Copy the data below exactly, but not the pictures it contains.

MATERIAL TO PROCESS START

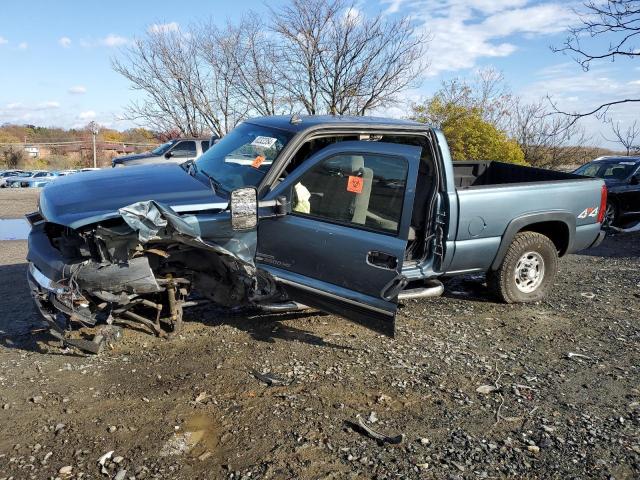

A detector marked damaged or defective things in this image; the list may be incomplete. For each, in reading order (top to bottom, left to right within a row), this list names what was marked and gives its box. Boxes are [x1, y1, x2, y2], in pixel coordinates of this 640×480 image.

bent hood [40, 163, 228, 229]
crushed front end [26, 201, 276, 354]
wrecked pickup truck [25, 115, 604, 350]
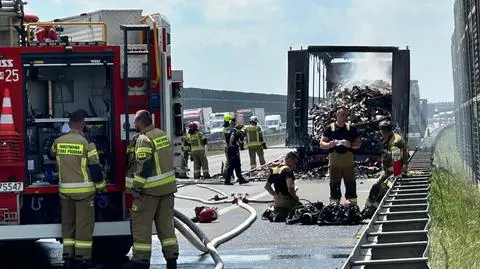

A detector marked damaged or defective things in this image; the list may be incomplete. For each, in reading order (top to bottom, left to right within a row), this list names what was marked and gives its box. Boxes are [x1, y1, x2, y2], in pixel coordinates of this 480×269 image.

burned trailer [286, 44, 410, 169]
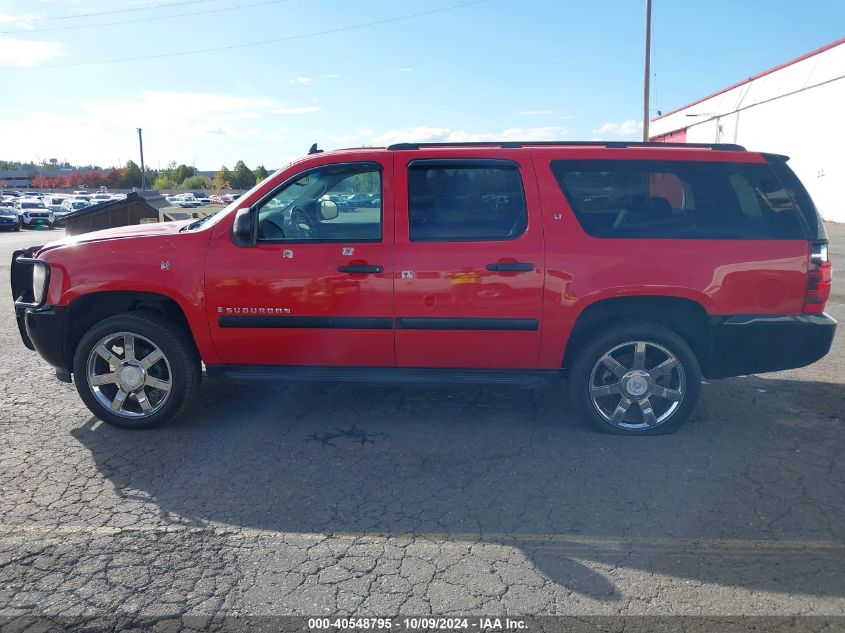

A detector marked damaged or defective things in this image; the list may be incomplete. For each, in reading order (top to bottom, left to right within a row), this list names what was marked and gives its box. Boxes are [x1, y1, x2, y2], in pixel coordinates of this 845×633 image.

cracked asphalt [1, 225, 844, 624]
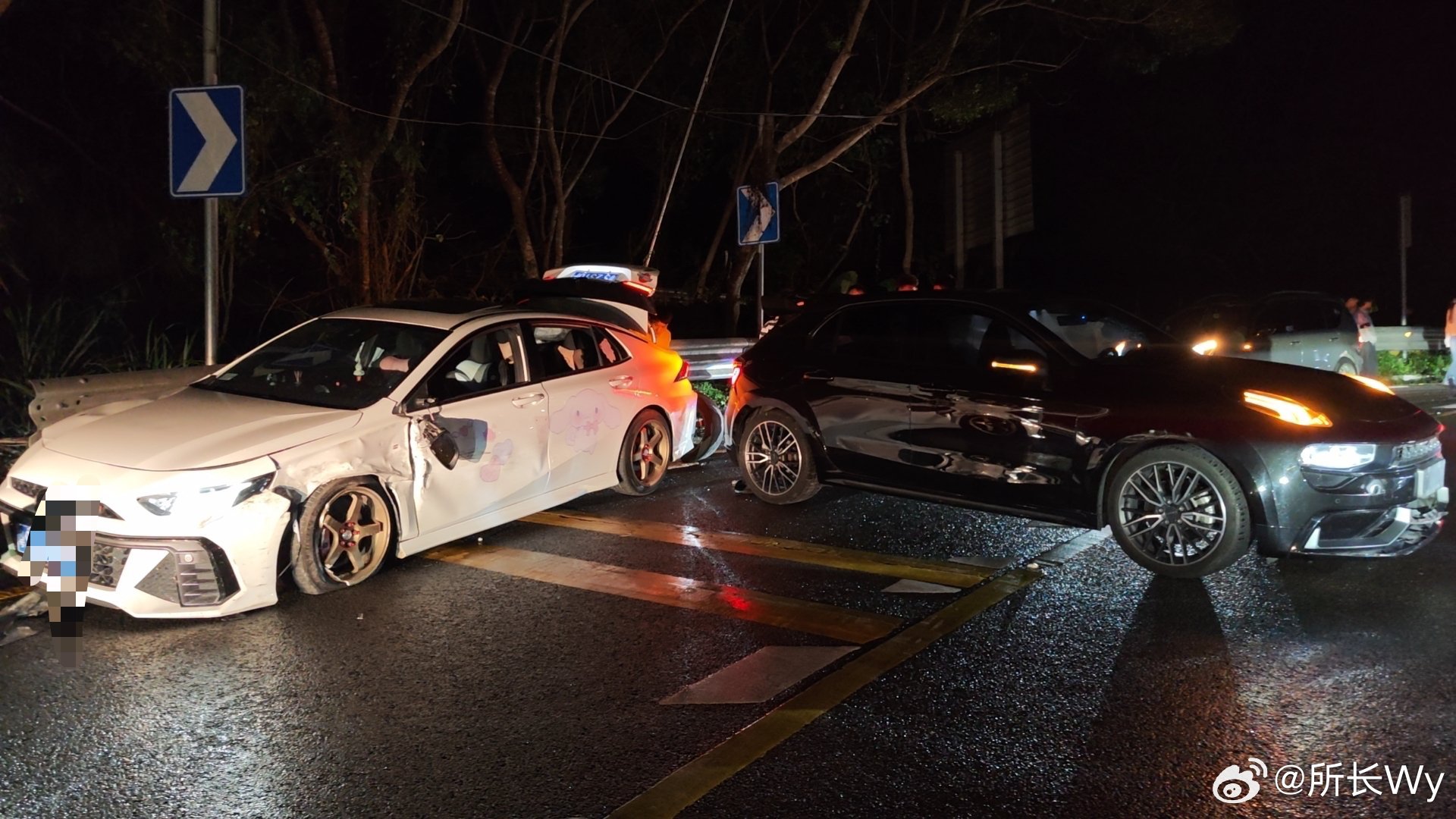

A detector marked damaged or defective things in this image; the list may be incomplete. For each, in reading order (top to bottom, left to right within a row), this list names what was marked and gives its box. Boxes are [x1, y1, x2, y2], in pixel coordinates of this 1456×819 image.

damaged white car door [399, 322, 550, 551]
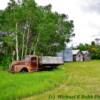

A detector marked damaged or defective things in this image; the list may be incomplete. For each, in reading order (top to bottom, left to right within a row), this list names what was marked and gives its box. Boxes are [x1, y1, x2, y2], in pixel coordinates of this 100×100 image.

rusty antique truck [9, 55, 63, 72]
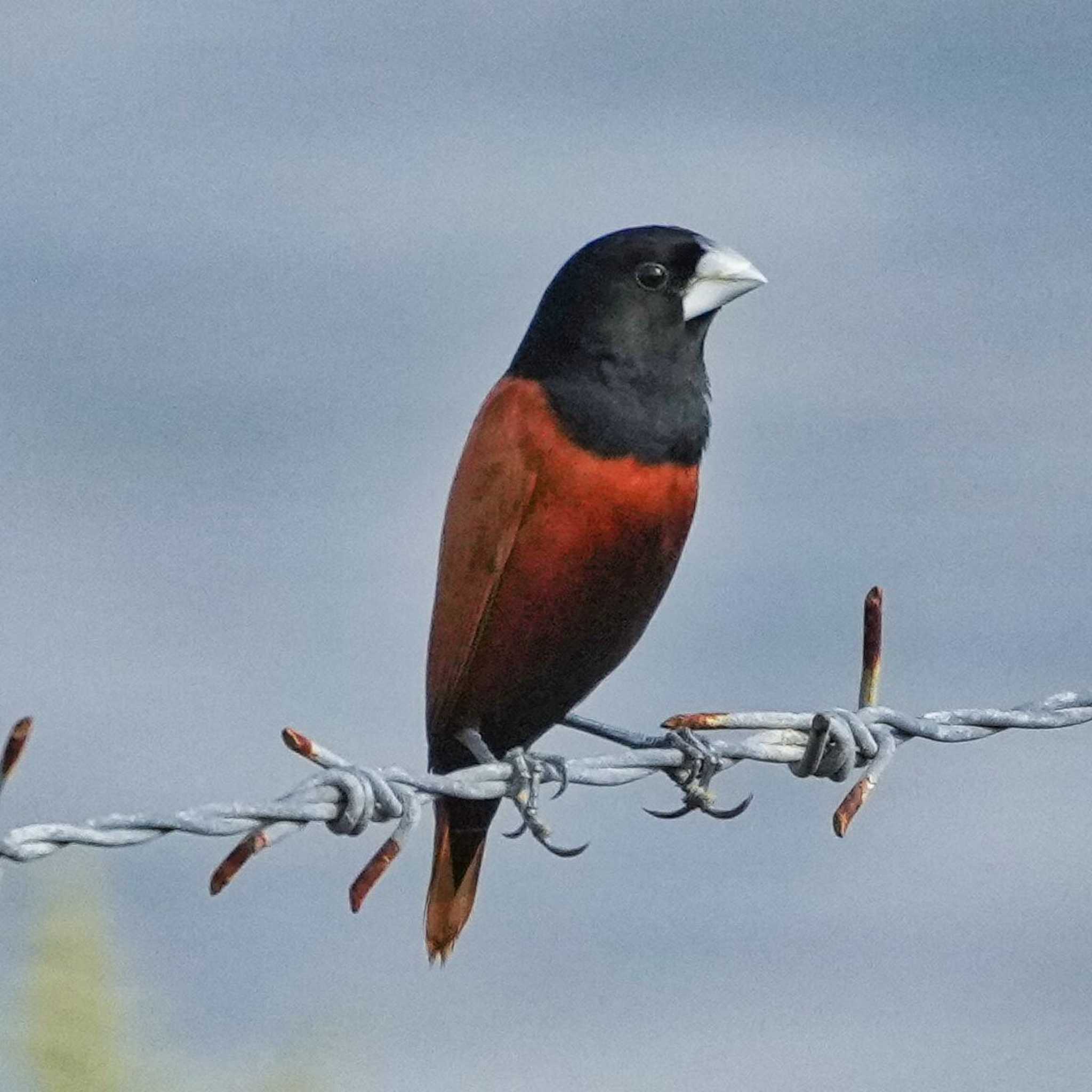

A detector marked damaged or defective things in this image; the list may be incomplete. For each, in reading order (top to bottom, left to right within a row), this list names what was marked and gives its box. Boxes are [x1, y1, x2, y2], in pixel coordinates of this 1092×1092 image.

rusty barb [2, 589, 1092, 913]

MATERIAL TO PROCESS END

**TASK RESPONSE**:
A detector marked damaged or defective things in this image; the list may be incomplete. For each, in reading order (top to bottom, left to right within a row), this list names what was marked and gives its box. Boxes are [x1, y1, x2, y2], in pixel coordinates of this 640×480 image.

bent hood [40, 163, 228, 229]
crushed front end [26, 201, 276, 354]
wrecked pickup truck [25, 115, 604, 350]

A detector marked damaged or defective things in this image; the list may be incomplete. For each, in reading order (top to bottom, left to right within a row), this list names what was marked and gives its box. Boxes are [x1, y1, x2, y2], in pixel coordinates of this 480×269 image.

burned trailer [286, 44, 410, 169]

A detector marked damaged or defective things in this image; the list may be incomplete. For each, in reading order (top to bottom, left to right within a row), this list names what was marked and gives its box. Boxes are [x1, y1, x2, y2], in pixel coordinates of this 845×633 image.

cracked asphalt [1, 225, 844, 624]

A detector marked damaged or defective things in this image; the list may be incomplete. For each, in reading order (top to bottom, left to right within a row), this list names what was marked and gives its box. Boxes are [x1, y1, x2, y2], in pixel coordinates of this 1456×819 image.

damaged white car door [399, 322, 550, 551]

A detector marked damaged or defective things in this image; the list may be incomplete. For each, in reading order (top to bottom, left to right within a row), this list names what was marked and gives its box. Boxes are [x1, y1, x2, y2], in pixel coordinates of this 100×100 image.

rusty antique truck [9, 55, 63, 72]

A detector marked damaged or defective things in this image; the list may be incomplete. For each, in reading order (top to bottom, left to right within a row), this list names what was marked and gives its box. Boxes are [x1, y1, x2, y2], in pixel coordinates of this 1092×1092 image.

rusty barb [2, 589, 1092, 913]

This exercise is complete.